勇気がなかったり、色々なことであきらめたりして、結局、しなかったんだよね。
いつもそうだ。
いつもそうなんだよ。
そして後悔する。
 
もうそろそろやめないか、そういうの。
ダメでいいから、やってみないか。
どうせダメだしやらないほうがまし、めんどくさい、そんなこと言わないでやってみないか。
 
ここまで書いてきて、思い出したことがある。
そういえば、僕は彼女のメールアドレスを知っていた。
おそらく、みんなで連絡先の交換をする社交辞令タイムに、僕と彼女も交換していたのだろう。
 
そして、もうひとつ思い出したことがある。
研修が終わってから、僕は彼女にメールをした。
研修おつかれさまでした。短い間だったけど、ありがとうございました。これから頑張りましょう。
くらいの、定型的なあいさつ程度だったけど。
 
あれから2年半。

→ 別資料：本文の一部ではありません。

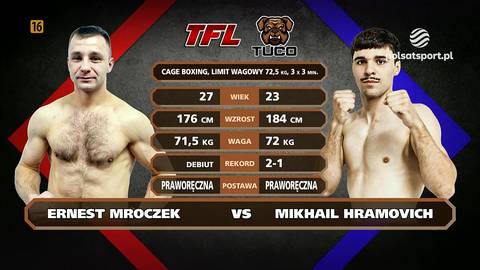 Dw&oacute;ch zawodnik&oacute;w sport&oacute;w walki, Ernest Mroczek po lewej i Mikhail Hramovich po prawej, stoi naprzeciw siebie. Pomiędzy nimi znajduje się tabela z ich danymi sportowymi, w tym wiekiem, wzrostem, wagą i rekordem walk.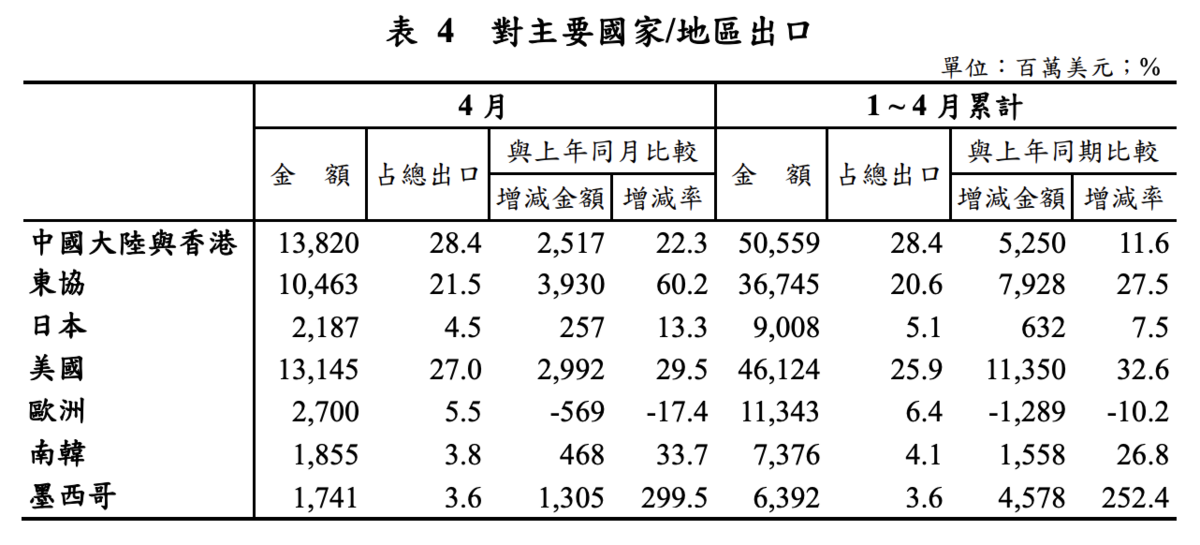 ▲圖：截自財政部網站 
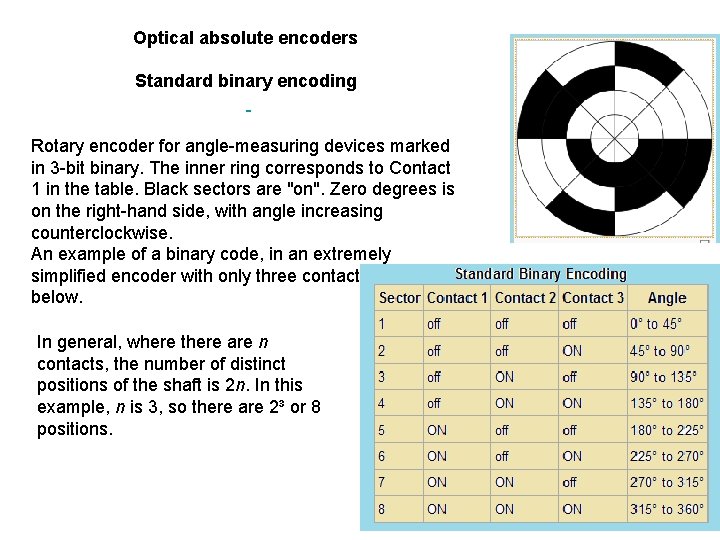 Optical absolute encoders Standard binary encoding Rotary encoder for angle-measuring devices marked in 3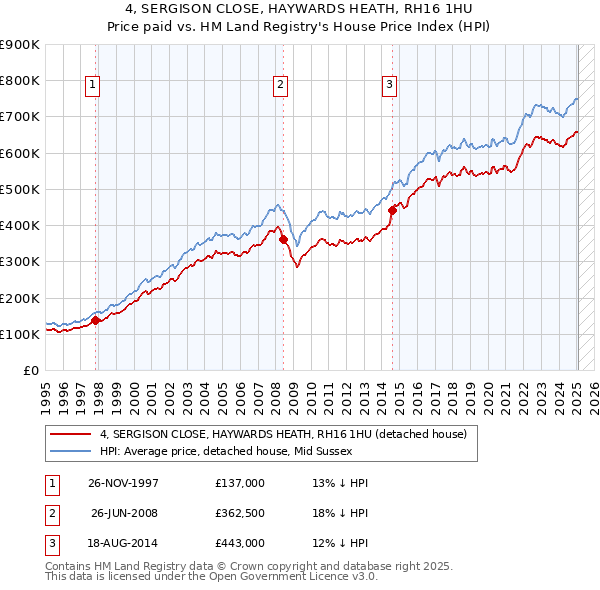 4, SERGISON CLOSE, HAYWARDS HEATH, RH16 1HU: Price paid vs HM Land Registry's House Price Index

僕の職場も変わり、携帯も変わってしまったが、メモリーには彼女のメールアドレスがまだ残っている。
 
 
さぁ、君ならどうする?
 
昔研修で1週間一緒だっただけの、よく知らない男からいきなり
 
「久しぶり!伊藤さんはアジカンの曲で何が好き?」
 
というメールが来る。
そんな出来事も、淡々とした日常が繰り返されるだけのなんてことない世の中にあっては、ちょっと面白いんじゃないか。
 
そんなことを想う秋の夜長。
僕は右手の親指で勢いよくスマートフォンの電話帳アプリをタップした。